Live Issue... Chaebol backlash sees networks falter in Korea

Family-owned firms are reversing the trend of the 90s by giving ad accounts back to in-house operators.

Six years ago, LG sold its in-house agency LG Ad, later to be renamed HS Ad, to WPP via the UK-based network’s Cavendish Square Holdings. It now comes as little surprise that the Korean electronics giant is moving to reclaim the company and add it to a portfolio of existing in-house ad facilities.

The move is part of an ongoing saga in a market where the majority of advertising was created in-house up until the onset of the IMF crisis in the late 90s. Forced to sell to foreign agencies, the chaebol (family-owned) conglomerates opened up briefly, resulting in a shift that saw 60 per cent of the country’s advertising in international hands.

It was not to last. “We’re seeing a correction,” says Miles Young, Ogilvy Group chief executive and ex-Asia-Pacific chairman, referring to the gradual reclamation, over recent years, by the chaebol of their former agencies.

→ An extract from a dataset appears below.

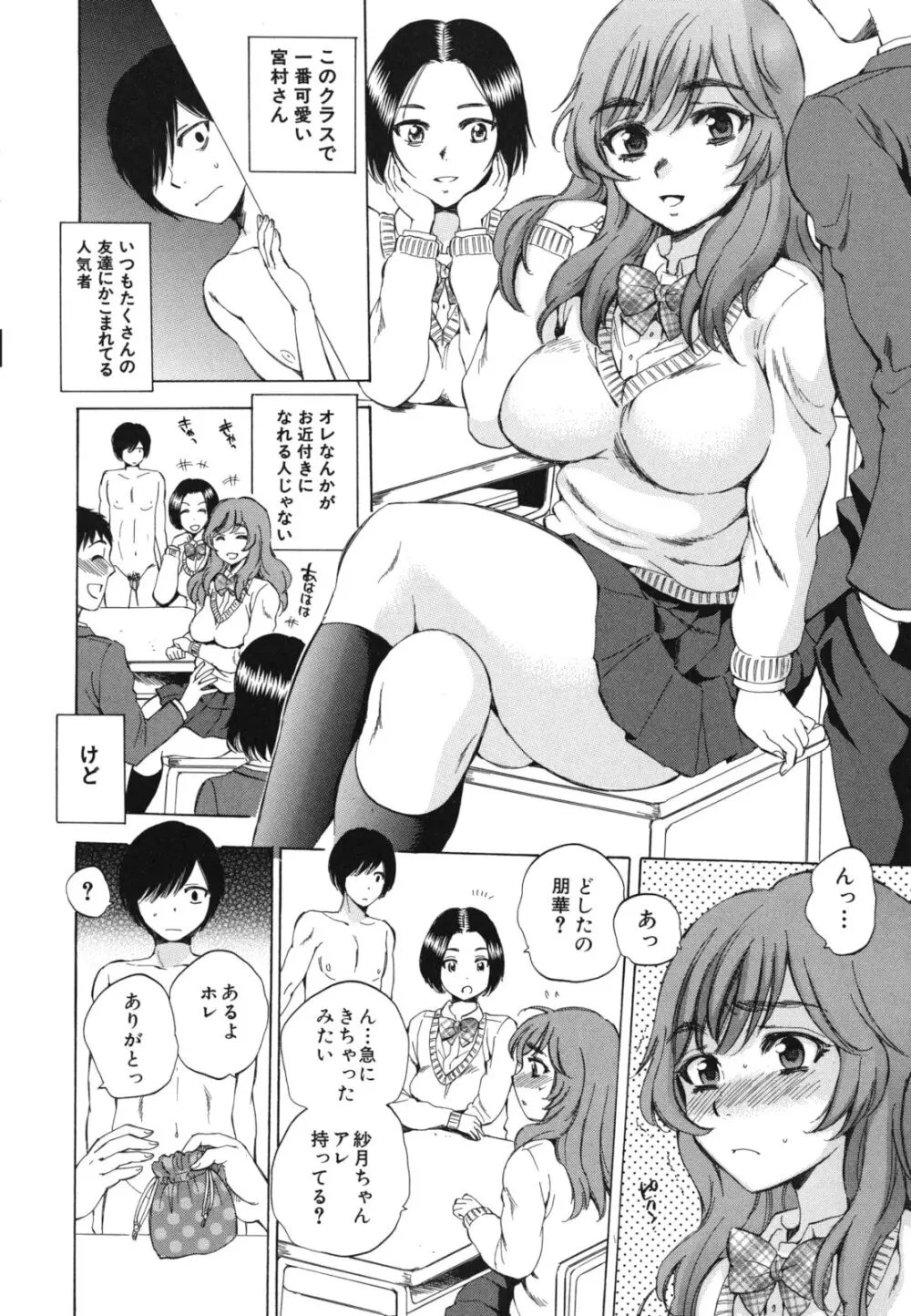 えあエッチ! 19ページ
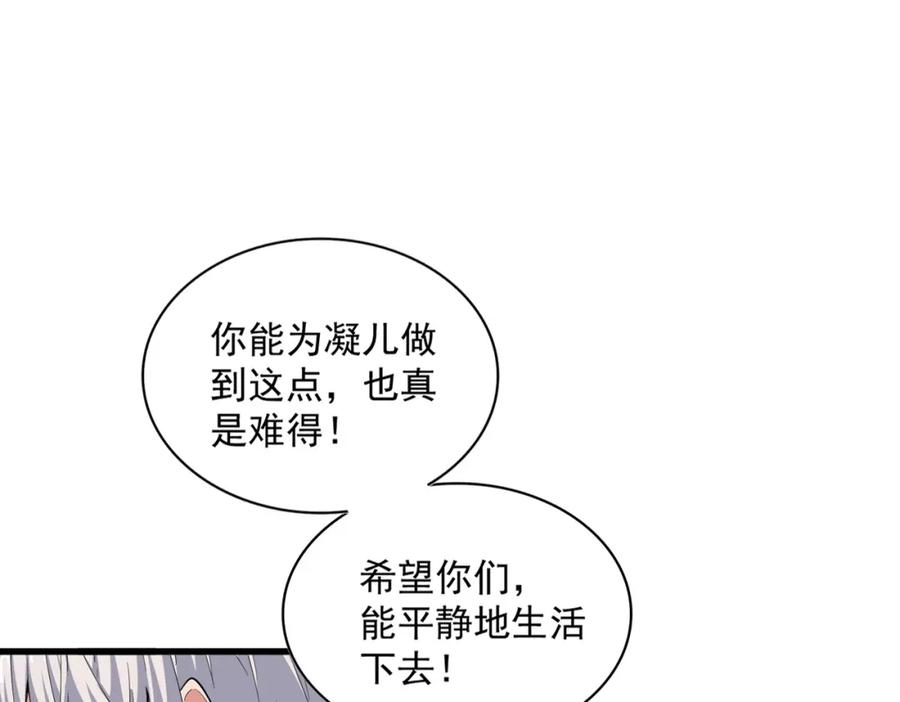 魔皇大管家最新更新漫画,第369话 斩断情丝22图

Another casualty among the international players is TBWA. The agency’s past affiliation with SK Group, which began in 1998 with the acquisition of the company’s in-house facility, has meant that its Korean presence has been largely built on the chaebol giant’s accounts. Having, until earlier this year, been ranked the fourth-largest ad firm in Korea in terms of sales, it has since plummeted to ninth position after SK transferred the bulk of its telecom business to its recently re-established in-house advertising arm, SK Marketing & Company.

While TBWA Group’s international president Keith Smith says the Omnicom agency has retained a large amount of SK business, a report released by the Korea Broadcast Advertising Corporation indicates that its account numbers have fallen by two thirds as a result of the transfer. Smith maintains that, while difficult, it is “not impossible to grow, be successful and have good business in Korea”.

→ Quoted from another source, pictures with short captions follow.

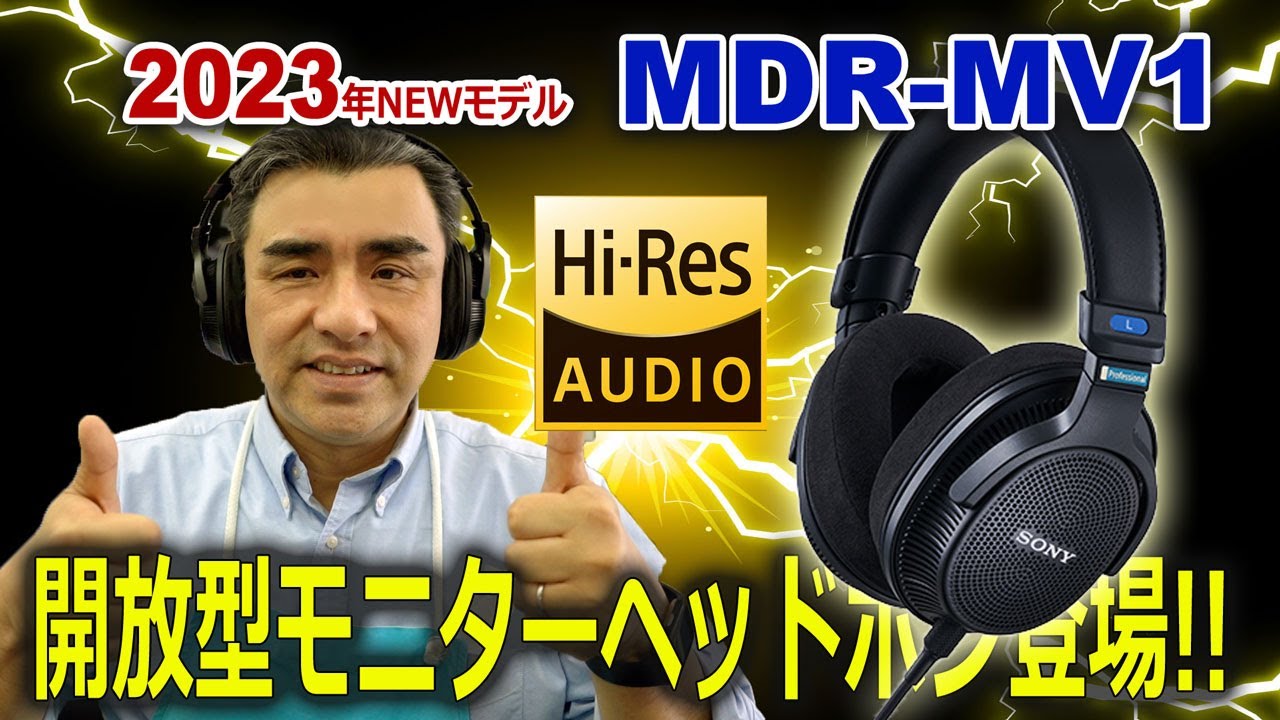 SONY初の「背面」開放型モニターヘッドホン『MDR-MV1』が登場！定番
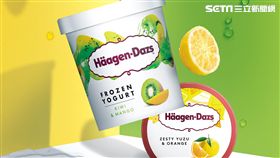 冰淇淋,Häagen-Dazs,熱情水果,哈根達斯
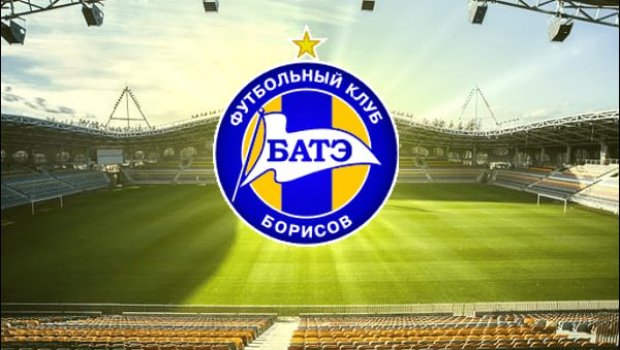 Belarus klubu internetlə futbolçu axtarır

TBWA’s Korean portfolio is supported by global clients such as adidas, Nivea and Apple, as well as local firms such as Daum, Jinro and Bacchus.
However, as one industry observer noted, in the absence of large domestic accounts, foreign agencies cannot expect to compete with the large chaebol agencies.

At the very least, a “strong backbone” of international clients is essential to any kind of presence in Korea, according to Young, who compares the market to Japan, where it is also critical as an outside firm to offer a point of difference. He says international insight and sophisticated trade marketing practice are valuable commodities in a market that remains relatively closed to the outside world. Young adds that the threat from chaebol agencies to multinational accounts is minimal, largely due to Kobaco’s even-handed distribution of media to domestic and Western agencies, in contrast to Japan, where domestic firms wield a significant advantage in terms of media buying power. Aside from a weak creative reputation, the chaebol operating model - which often results in a variety of campaigns that are later discarded - lacks efficiency by Western standards and does not hold appeal for the majority of international clients.

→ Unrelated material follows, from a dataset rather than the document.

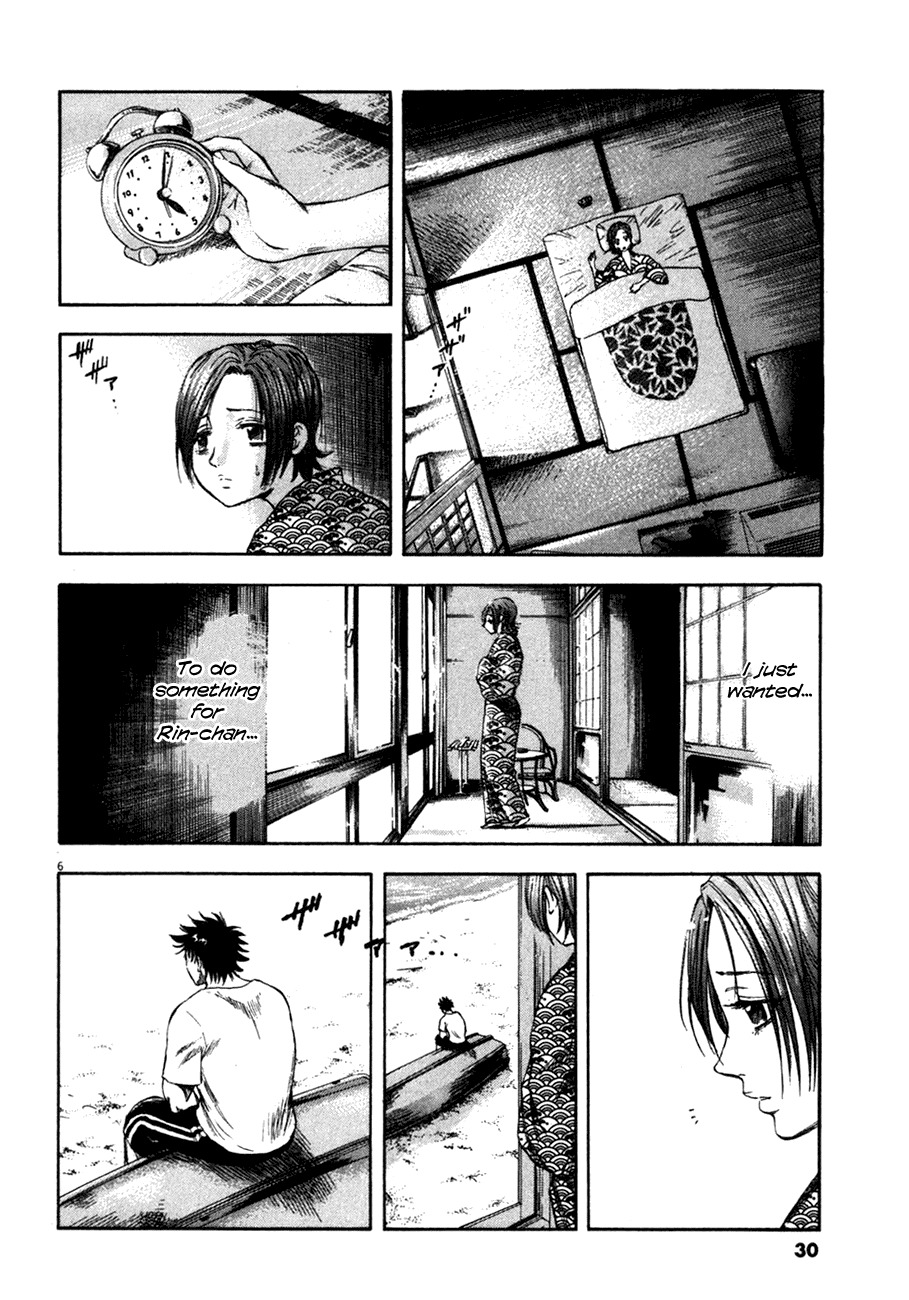 Waga Na wa Umishi Chapter 90 page 6 - Chapter 90: Perceptible Distance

Young adds that chaebol agencies tend to be highly specialised: Hyundai agency Innocean specialises in automotive campaigns, but would be unsuitable for a personal care firm.

Nonetheless, a stagnant economy and the decline of FMCG advertising do not paint an inspiring picture for multinational agencies in the short term.

Young predicts that the situation will change over the next five to 10 years, as stakeholder scrutiny of the efficiency of in-house agencies leads a growing conformity to global business practices. “It would be a terrible shame if we gave up on Korea,” he says, describing potential creative talent as “extraordinarily good”. “But not every agency needs to be there.”